Optimistic Explanatory Style
A way of explaining events in which individuals attribute positive outcomes to internal, stable, and global causes while seeing negative events as external, temporary, and specific.
Pessimistic Explanatory Style
A tendency to attribute negative events to internal, stable, and global causes while viewing positive events as external, temporary, and specific.
Social Psychology (453)
The study of how individuals think, feel, and behave in social contexts, and are influenced by others.
Person Perception (454)
Used to form judgments about others by interpreting facial expressions, body language, and cues.
Attribution Theory (454)
Individuals infer the causes of behavior, distinguishing between internal (dispositional) factors and external (situational) factors.
Fundamental Attribution Error (454)
The tendency to overestimate personal traits (dispositional) and underestimate situational influences.
Actor-Observer Bias (455)
The tendency to attribute our own behavior to external (situational) causes while attributing others' behavior to internal (dispositional) causes.

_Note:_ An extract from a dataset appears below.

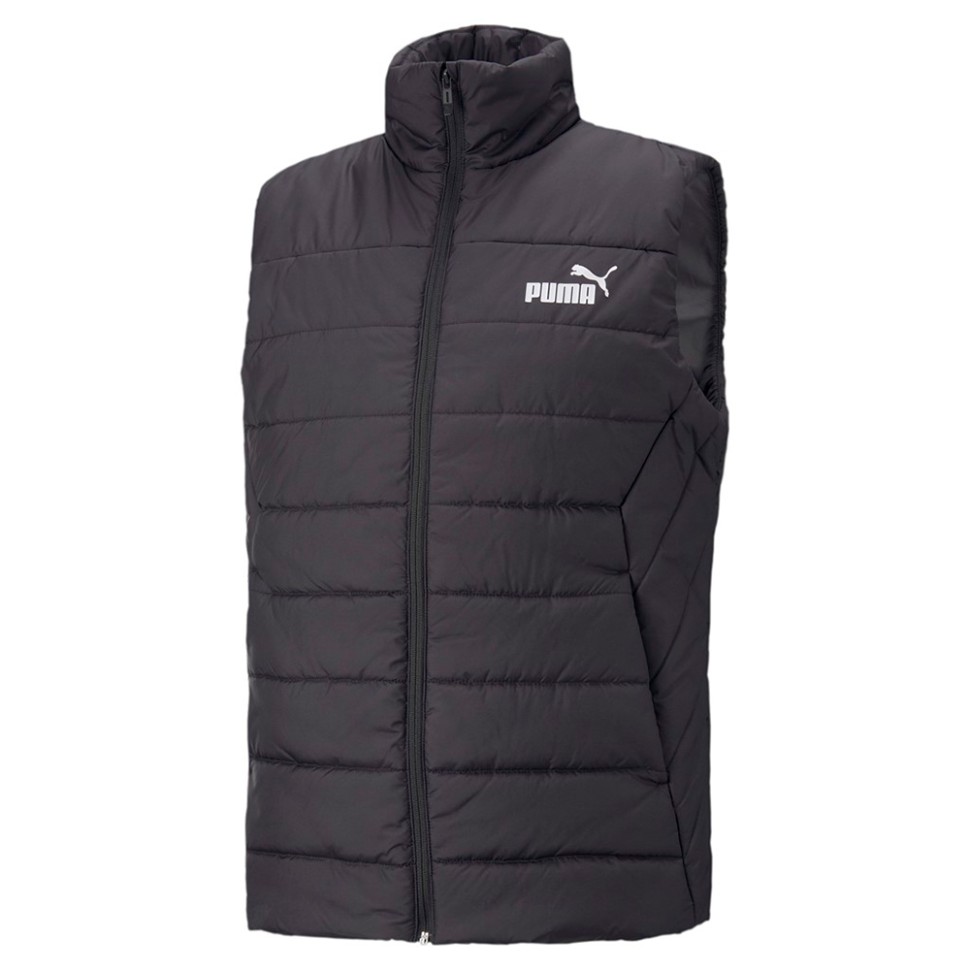 Жилет мужской Puma ESS Padded Vest черный 84893901 изображение 1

External Locus of Control (656)
The belief that outside forces, such as luck, fate, or other people, determine outcomes in life.
Internal Locus of Control (656)
The belief that one’s own actions and efforts determine life outcomes.
Social Comparison (456)
The process of evaluating oneself by comparing oneself to others, which can be upward or downward and influence self-esteem and motivation.
Prejudice (457)
A negative, unjustified attitude toward a group and its members, often involving stereotypes, emotions, and predispositions to act.
Explicit Prejudice
Conscious, openly expressed negative beliefs or feelings toward a group.
Implicit Prejudice
Unconscious, automatic negative attitudes toward a group that influence behavior without conscious awareness, often measured by the Implicit Association Test (IAT).
Schadenfreude (463)
The experience of pleasure or satisfaction at another person’s misfortune.
Ethnocentrism (463)
The belief that one’s own ethnic or cultural group is superior to others.
Outgroup Homogeneity (463)
The tendency to view members of an outgroup as more similar than reality.
Selective Attention (464)
A process that can reinforce biases by focusing only on confirming details.
Stereotype (457)
A generalized belief about a group of people, often oversimplified and inaccurate.
Cognitive Load
The total amount of mental effort being used in working memory, which can increase reliance on stereotypes when high.
Discrimination (457)
Unjust treatment of people based on their group membership, such as race, gender, or religion.
Just-World Phenomenon (461)
The belief that people get what they deserve and deserve what they get, often leading to victim blaming.
Social Identity (462)
A person’s sense of self based on their group memberships, including nationality, religion, or social class.
Ingroup (462)
A group with which an individual identifies and feels a sense of belonging.
Outgroup (462)
A group that an individual does not identify with and may view as different or even inferior to their own group.
Ingroup Bias (462)
The tendency to favor members of one’s own group over those in an outgroup.
Scapegoat Theory (463)
The idea that people may blame an outgroup for their problems or frustrations, leading to increased prejudice and discrimination.
Other-Race Effect (463)
The tendency to recognize and differentiate faces of one’s own race more easily than faces of other races.